Los niños vestían con pantalón vaqueros y zapatos de escalada, comprados para la ocasión. Diego se encargaba de llevar soga y botiquín mientras Gabriel iba adelante en fila india seguido por los niños. El camino era más sinuoso de lo que Gabriel recordaba y las piedras eran gigantes. Pensó por un momento que los niños se aburrirían, pero al observar la carita de felicidad de su hijo, se convenció de que sería un fin de semana memorable. Todo estaba a favor, el clima, el día que había tocado y los buenos amigos, ¿qué podría salir mal? La daga la tenía él, por si alguien quería hacerle daño a su pequeño no dudaría en matarlo.

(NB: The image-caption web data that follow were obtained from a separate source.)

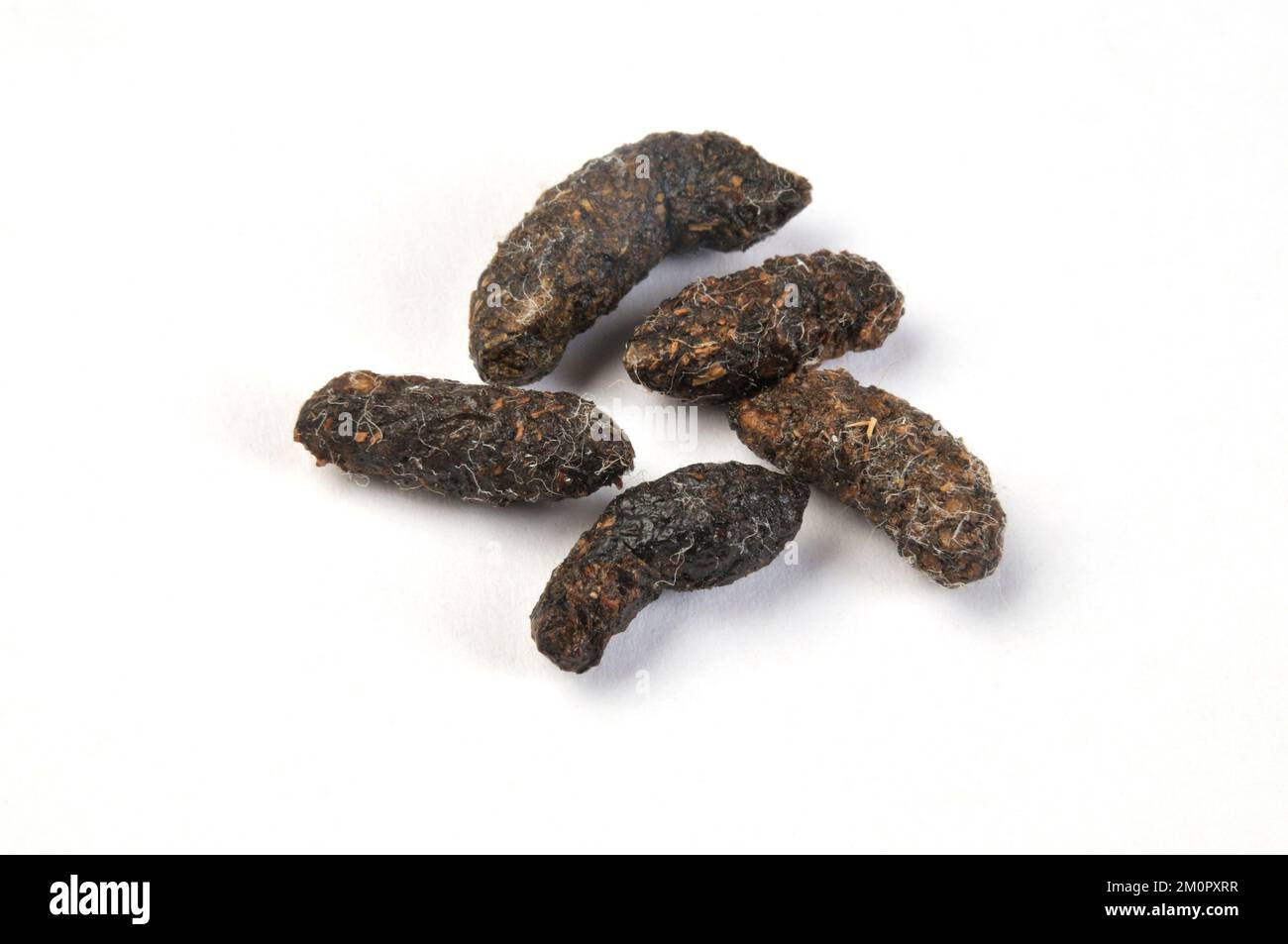 Escrementi nazionali di Rat Foto Stock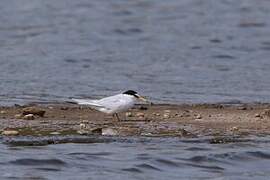 Little Tern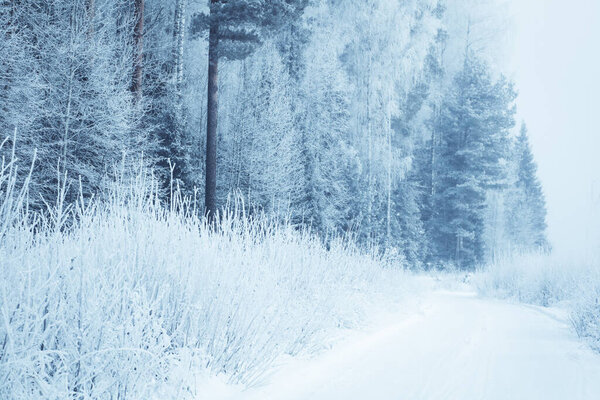 winter landscape with snow covered trees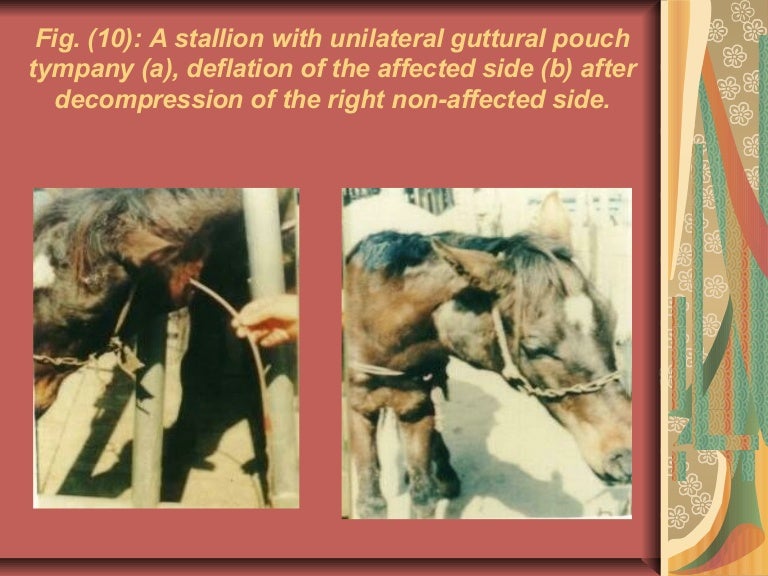 Guttural pouch in equine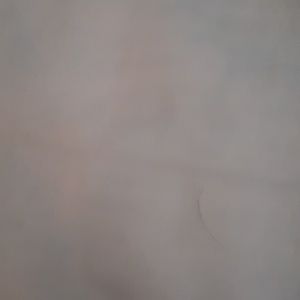 Meet your Posher, Elise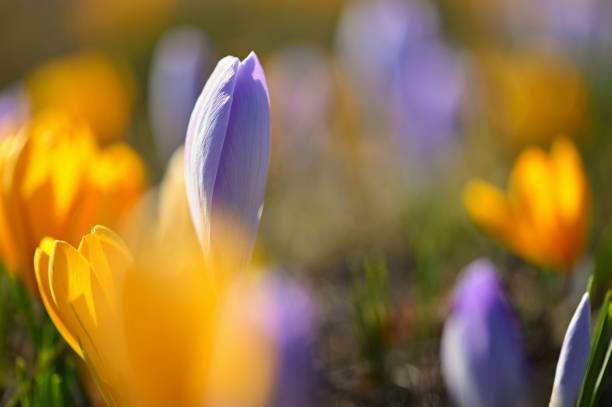 istock Spring background with flowers. Beautifully colored flowering crocus - saffron on a sunny day. Nature photography in spring time. 1384895741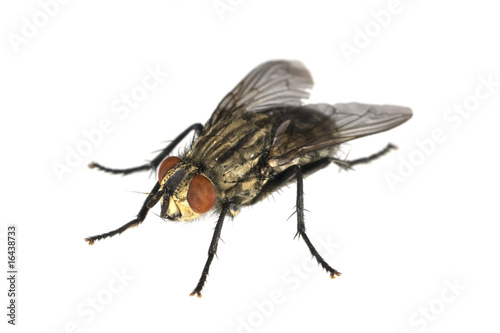 Fliege, Brachycera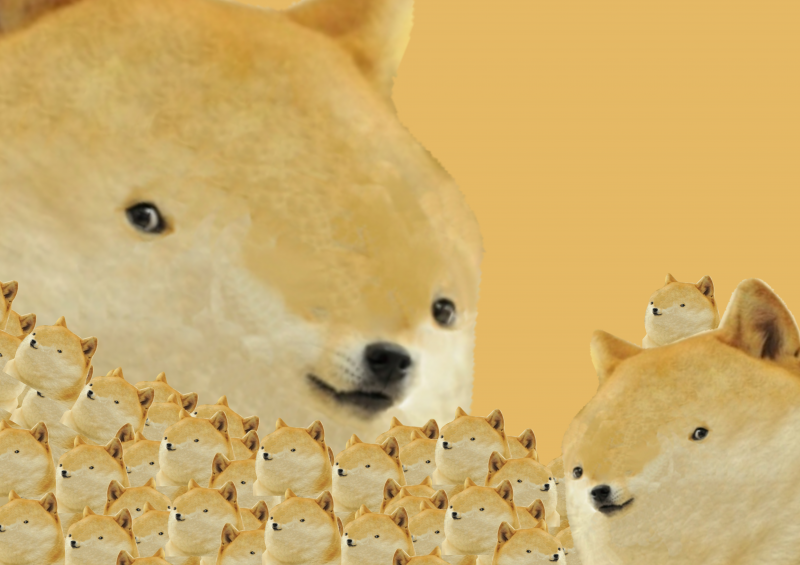 DOGE-1.png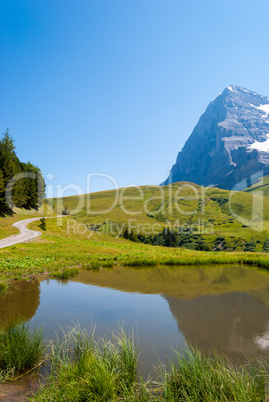 the stunning Alpine panorama of the Northern wall of the Eiger peak is reflected in a small mountain lake. Grindelwald Bernese Alps Switzerland Europe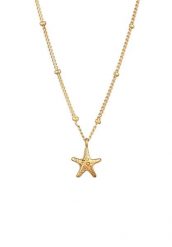 Elli Naszyjnik z zawieszką Damski zawieszka rozgwiazda Łańcuszek kulkowy 925 Sterling Silver Letni / Plażowy 38 cm Naszyjniki 1 ct. Szare naszyjniki damskie Elli, na plażę, srebrne. Za 233.99 zł.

Se alejaron un poco de las rocas y comenzaron a caminar por una densa vegetación, se sentía el cantar de los pájaros y los sonidos de los animales. El estrepitoso caer de la enorme cascada indicaba que estaban cerca del destino. Después de cuatro largas horas llegaron. Estaban a unos 200 metros de la cascada, para esquivar el río terminaron arriba, era difícil contemplarla en su magnitud por miedo a caer. Armaron la carpa y prometieron bajar al otro día así verían la cascada, con sus 75 metros de salto en todo su esplendor. Mientras armaban la carpa, entre carcajadas ya que ninguno de los dos era bueno como scout y los niños que intentaban ayudar, hacían lío.

—Papi, ¿podemos ir a explorar? —quiso saber Matías, Diego miró a Gabriel.

—Bueno, chicos, pero no muy lejos, siempre donde los escuchemos y alejados del río.

Los niños salieron corriendo, exploraron todo, cada piedra, hormiga e insecto que encontraban. Mientras conversaban, al pequeño Ángel le agarró comezón en la tetilla derecha.

—¿Qué te pasa, Ángel? —preguntó intrigado Matías.

—No sé, me pica el pecho.

—A ver... Déjame ver...

Ángel se levantó la remera, la piel estaba enrojecida.

—Puede haber sido una hormiga, quieres que le digamos a tu papá.

—No... Ya se me pasó, sigamos jugando...

Los niños continuaron con sus jugos hasta que los llamaron a comer.